One must add that over the last five years or so the mainstream media have much diminished, and are now heavily outnumbered by the directly or indirectly state-owned sector, and the voluntary castrato chorus whose owners like a quiet life.

The new 2024-25 Executive Committee of the Hong Kong Journalists Association at the press group’s AGM on Saturday, June 22, 2024. Photo: Tom Grundy/HKFP.

Many journalists who are still trying to pursue the activity in its traditional form may now feel that their lives are exciting enough without accepting office in an organisation which is clearly in the government’s crosshairs. In fact two members of the executive put in their resignations between the end of nominations and the counting of the votes.

Still, the question of who is a journalist seems to be one about which one can think of more reliable sources than Tang. English journalist Bernard Levin memorably pondered in one piece whether journalism was an art, a craft, a trade, a confidence trick or a disease. Each of these theories would lead to a different definition but none of them supports the suggestion that entry to the profession should be monitored by a retired policeman.

What seems to me worthy of comment and universally overlooked is that Tang’s preoccupation with the HKJA has apparently led to spying on it. No doubt the identities of the candidates and their professional activities were transmitted to voters. But Tang is, I presume, not an HKJA member so he was not entitled to see them.

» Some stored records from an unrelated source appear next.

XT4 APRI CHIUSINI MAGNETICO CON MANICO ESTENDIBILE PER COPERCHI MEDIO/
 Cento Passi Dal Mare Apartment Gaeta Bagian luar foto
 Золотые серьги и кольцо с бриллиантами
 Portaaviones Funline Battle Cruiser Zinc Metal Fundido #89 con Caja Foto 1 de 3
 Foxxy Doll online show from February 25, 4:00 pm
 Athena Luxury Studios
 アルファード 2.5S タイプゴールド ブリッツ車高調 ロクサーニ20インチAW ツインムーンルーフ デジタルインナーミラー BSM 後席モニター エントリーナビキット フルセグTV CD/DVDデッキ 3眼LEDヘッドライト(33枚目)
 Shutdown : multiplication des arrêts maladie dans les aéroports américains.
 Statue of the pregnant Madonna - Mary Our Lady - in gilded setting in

Commenting on the antecedents and character of the candidates looks dangerously close to the sort of intimidating letter which concludes with some such phrase as “we know where you live”.

So, I salute the incoming executive, who are no doubt well aware that one misstep could bring them a long encounter with the government’s correctional servants. As Sophie Scholl wrote: “How can we expect righteousness to prevail if there is hardly anyone willing to give himself up individually to a righteous cause?”


All HKFP staff are members of the HKJA, and reporter Hans Tse is a member of the 2024-25 Executive Committee.